The Commission will maintain a list of known zones by district and county that
are considered potential flow zones and make this information available to all
operators. The Commission will revise this list as necessary based on
information provided, or otherwise made available, to the Commission.
(O) Zone with corrosive formation
fluids--Any zone designated by the director or identified by the operator using
available data containing formation fluids that are capable of negatively
impacting the integrity of casing and/or cement or have a demonstrated trend of
failure for similar casing and cement design in the field. The Commission will
maintain a list of known zones by district and county that are considered zones
with corrosive formation fluids, and make this information available to all
operators.

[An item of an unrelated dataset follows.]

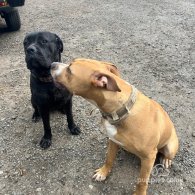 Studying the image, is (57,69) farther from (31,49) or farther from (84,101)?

The Commission will revise this list as necessary based on
information provided, or otherwise made available, to the Commission.
(P) Usable quality water--Water as defined in
§
3.30(e)(7)(B)(i)
of this title (relating to Memorandum of Understanding between the Railroad
Commission of Texas (RRC) and the Texas Commission on Environmental Quality
(TCEQ)).
(3) Wellbore
diameters.
(A) The diameter of the wellbore
in which surface casing will be set and cemented shall be at least one and
one-half (1.50) inches greater than the nominal outside diameter of casing to
be installed, unless otherwise approved by the district director.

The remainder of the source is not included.